3

Hi I'm writing rpn calculator in C and I'd to compile rpn expression to byte-code. But I'm not sure what would be the data structure to represent them??? My stack data structure so far is

 struct stack_t{
        int type;
        union {  
              double val;
              char *str;
              /* probably some more */
             }u;
    };
Nyan
  • 2,360
  • 3
  • 25
  • 38
  • 1
    Canonical compiler resources question here: http://stackoverflow.com/questions/1669/learning-to-write-a-compiler . Most of the resources listed therein will tell you how to build a general AST, which will certainly do the job, though there might be a simpler choice for your limited domain. – dmckee --- ex-moderator kitten Feb 21 '10 at 23:05

3 Answers3

1

It actually depends a lot on the feature set you are going to support. For example, if your calculator supports integers (e.g., integer division), you probably would need int in your union.

Vlad
  • 35,022
  • 6
  • 77
  • 199
0

The advantage of RPN bytecode is that it doesn't need to be stored in a special structure. An array/vector/list will do. You need a stack to interpret it, but to store the program you should only convert each token to a bytecode instruction.

As for what types to put in your union, it really depends on the semantics of your calculator. Why do you want to be able to store strings? Do you plan on using strong typing?

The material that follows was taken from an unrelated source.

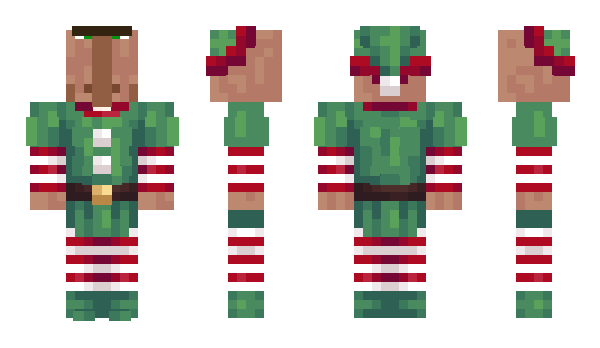 Minecraft скин по нику DillGuy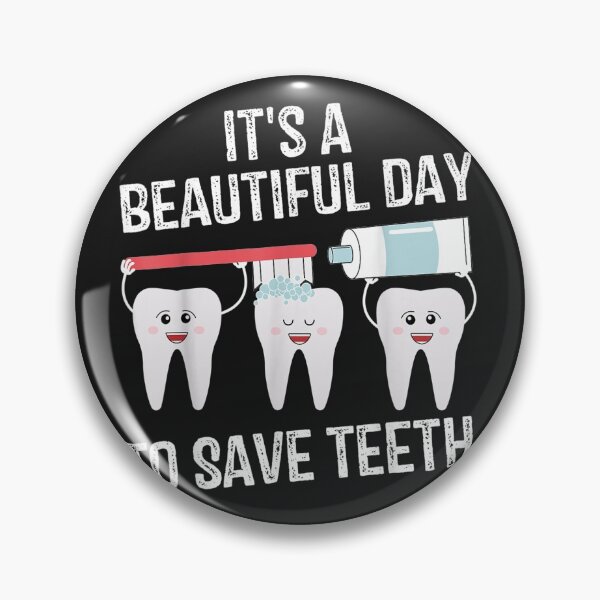 Item preview, Dentist Gift It's a Beautiful Day to Save Teeth  designed and sold by taydyreo.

Look into Forth, the canonical simple RPN language.

Potatoswatter
  • 134,909
  • 25
  • 265
  • 421
  • my guess is that strings may be needed if we'd like to represent variables – Vlad Feb 22 '10 at 00:03
  • calculator + variables = interpreter – Potatoswatter Feb 22 '10 at 00:59
  • The calculator so far supports real number and string data type and variables also. Now I'd to add function definition and need to compile the input rather than interpreting on the fly. – Nyan Feb 22 '10 at 03:40
  • @Nyan: Note that Forth is typically compiled directly to machine code, even on the fly. It's also extensible to allow alternate RPN or even non-RPN syntax. See how fast an implementation of you language in Forth is before you put too much effort into your own. – Potatoswatter Feb 22 '10 at 03:50
0

I've gone through several re-writes of a postscript interpreter, and while my object struct started out exactly like yours, I eventually found this layout to be "better" for reasons that I may not be able to articulate. I found this idea in the X11 Event structure.

typedef struct {
    word tag;
    word pad;
    dword padw;
} mark_;

typedef struct {
    word tag;
    word pad;
    integer val;
} int_;

typedef struct {
    word tag;
    word pad;
    real val;
} real_;

typedef struct {
    word tag;
    word sz;
    word ent;
    word off;
} comp_;

typedef union {
    word tag;

    mark_ mark_;
    int_ int_;
    real_ real_;
    comp_ comp_;
} object;

It may seem redundant to have the tag both outside and inside each structure, but it keeps everything in nice little boxes. It allows you to see the memory layout more clearly.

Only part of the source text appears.